GIVEN DATA -
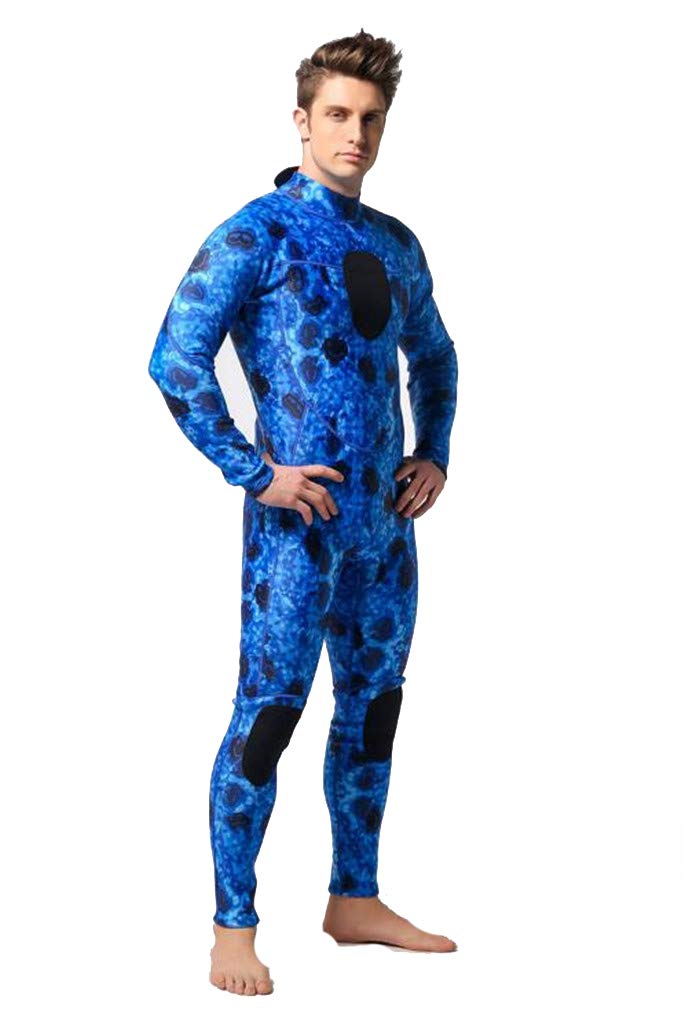 お得な特別割引価格 ウェットスーツ 迷彩服 Large 3 Large 3 Color 水着 ダイビング Cesuolibengdi 2 ウェットスーツ サイズ 日焼け止め M 吸汗速乾 防寒 メンズ 長袖 B07g76srzm サーフィン 保温性優れる 高評価のクリスマスプレゼント Www Aiq Aiq Com Mx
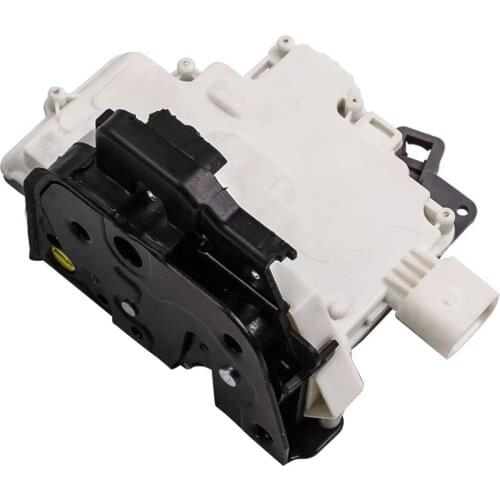 New Front Right Door Lock Latch Actuator 4F1837016 For Audi A3 8P / S3 / Sportback Ab Baujahr 2004 - 2013
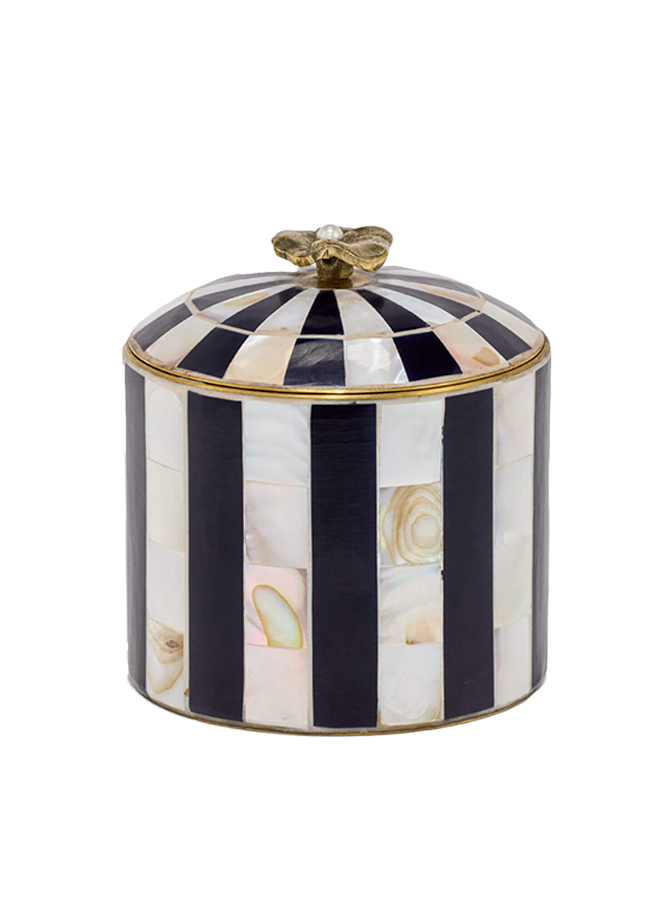 Zoey Circus Box Large Navy Doing Goods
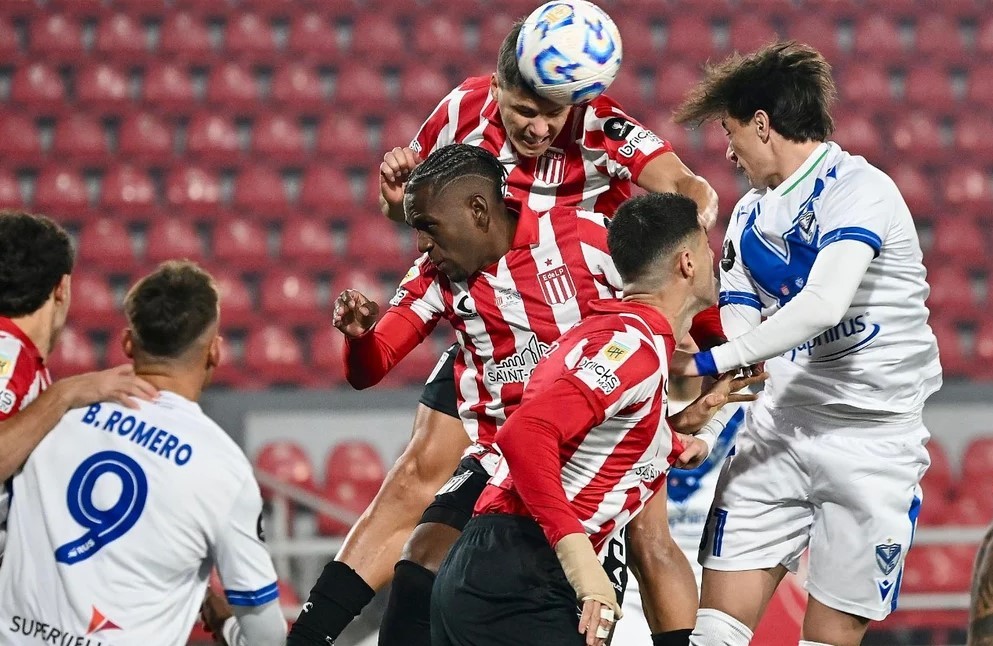 Vélez derrotó a Estudiantes y es el nuevo campeón de la Supercopa Internacional | Deportes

YOUR ASSIGNMENT -
Write out each line again, exactly as it appears above, except for any picture.

RESPONSE BELOW -
 お得な特別割引価格 ウェットスーツ 迷彩服 Large 3 Large 3 Color 水着 ダイビング Cesuolibengdi 2 ウェットスーツ サイズ 日焼け止め M 吸汗速乾 防寒 メンズ 長袖 B07g76srzm サーフィン 保温性優れる 高評価のクリスマスプレゼント Www Aiq Aiq Com Mx
 New Front Right Door Lock Latch Actuator 4F1837016 For Audi A3 8P / S3 / Sportback Ab Baujahr 2004 - 2013
 Zoey Circus Box Large Navy Doing Goods
 Vélez derrotó a Estudiantes y es el nuevo campeón de la Supercopa Internacional | Deportes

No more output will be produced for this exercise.